[Opening Source data section]

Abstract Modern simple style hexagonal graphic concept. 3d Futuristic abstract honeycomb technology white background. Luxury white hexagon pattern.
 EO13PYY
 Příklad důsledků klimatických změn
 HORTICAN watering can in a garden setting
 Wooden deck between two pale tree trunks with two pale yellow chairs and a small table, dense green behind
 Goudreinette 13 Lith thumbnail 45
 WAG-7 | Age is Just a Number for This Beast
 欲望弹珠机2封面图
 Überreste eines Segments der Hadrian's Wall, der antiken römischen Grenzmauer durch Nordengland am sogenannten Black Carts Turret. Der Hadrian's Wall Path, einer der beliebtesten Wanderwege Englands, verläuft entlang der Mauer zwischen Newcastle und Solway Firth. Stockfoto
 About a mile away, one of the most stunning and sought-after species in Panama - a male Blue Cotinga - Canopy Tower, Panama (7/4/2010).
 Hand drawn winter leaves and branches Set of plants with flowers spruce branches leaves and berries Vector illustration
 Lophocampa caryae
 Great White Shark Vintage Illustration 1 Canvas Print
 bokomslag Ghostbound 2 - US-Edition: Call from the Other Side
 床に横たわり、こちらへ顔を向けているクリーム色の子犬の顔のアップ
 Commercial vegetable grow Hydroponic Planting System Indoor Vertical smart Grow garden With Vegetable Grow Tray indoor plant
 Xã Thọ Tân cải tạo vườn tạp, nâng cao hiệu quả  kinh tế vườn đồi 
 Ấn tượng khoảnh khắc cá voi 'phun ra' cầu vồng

[Closing Source data section]

## Assignment
Filter the records above for lines with "garden".

## Solution to this task
 HORTICAN watering can in a garden setting
 Commercial vegetable grow Hydroponic Planting System Indoor Vertical smart Grow garden With Vegetable Grow Tray indoor plant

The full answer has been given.